3 Picking Up Too Much - Or Not Enough
Rookie parents make the mistake of thinking that their house will be the same after children as it was before children. They may have too high of expectations or spend too much time fretting over the new baby clutter in the house. New parents can fall into a trap of spending too much time cleaning up and ignoring the baby or worrying about it too much and also ignoring the baby. Finding a simple routine where there are dedicated tidying times can help. Pick up before nap time, before leaving the house and before bedtime. That way the house is put back together for certain periods of time. The other problem new parents might have is that they don’t pick up enough. Toys are left out in the living room from days ago. Never having any relief from the messiness creates subconscious confusion. It makes the whole house too chaotic and clutters mom and dad’s minds.
2 Neglecting Your Partner
Babies can be consuming. They rely on mom and dad to do everything for them. Plus they’re so adorable that they steal mom and dad’s hearts. With all of this focus on taking care of the baby, it can be easy to ignore the partner. Eventually, both parents will feel somewhat alone and unsupported. Over time, it can destroy the relationship. Many experienced parents have learned that it doesn’t feel good to let the relationship whither. It also doesn’t take a ton of energy to keep the relationship flourishing. Taking just 5 minutes to give a shoulder massage or focus on one’s story can make all the difference. Dedicating a certain amount of time to spend together after the baby’s bedtime can also help. This is a time to do something together, not scroll through Facebook while sitting next to each other.

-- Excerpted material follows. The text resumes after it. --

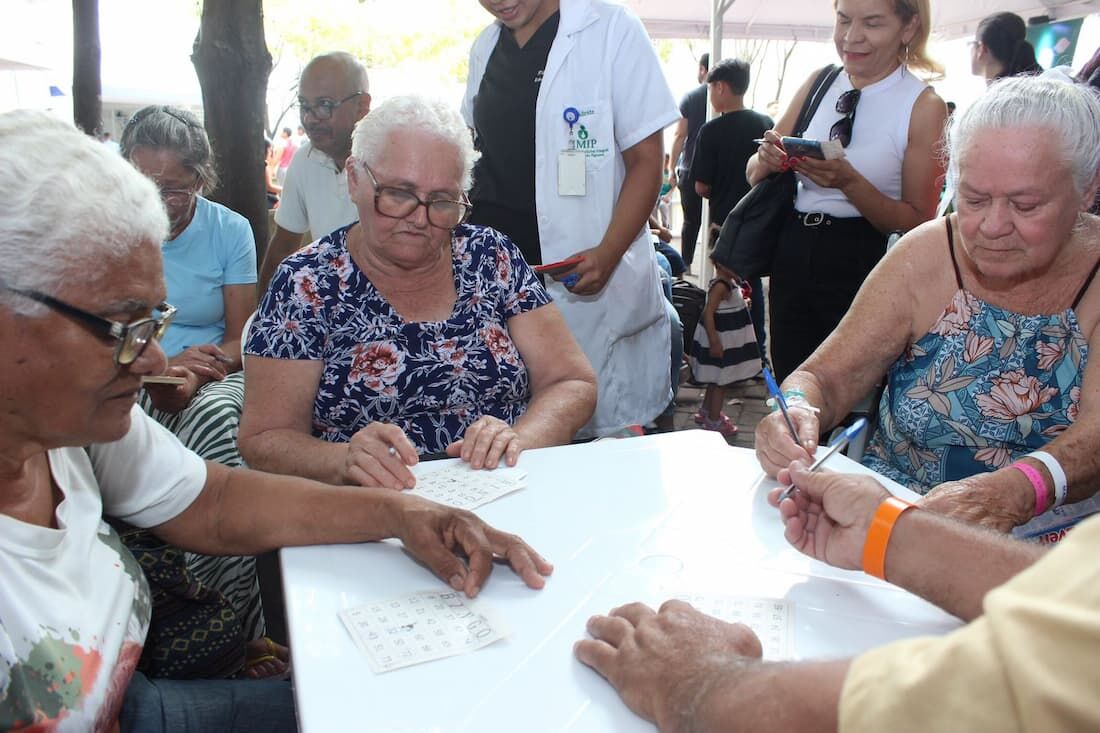 Imip celebra Dia do Idoso com atividades lúdicas e informativas para pacientes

1 Not Taking Time For Self
There is always something to do with a new baby or a small child. Someone needs your help, there’s a sink full of dishes and the mail is stacking up on the counter. With so much to do, it can be hard for mom and dad to speak up and say they want to do something for themselves. Going for a run, hitting the gym or taking a hot bath can take just 45 minutes and do so much to replenish the new parent. An experienced parent has learned that they’ll be a better parent when they’ve poured into themselves first. If you don’t replenish your soul, eventually you’ll have nothing left to give. You’ll have less patience and enjoy life less just because you didn’t take 45 minutes to give back to yourself.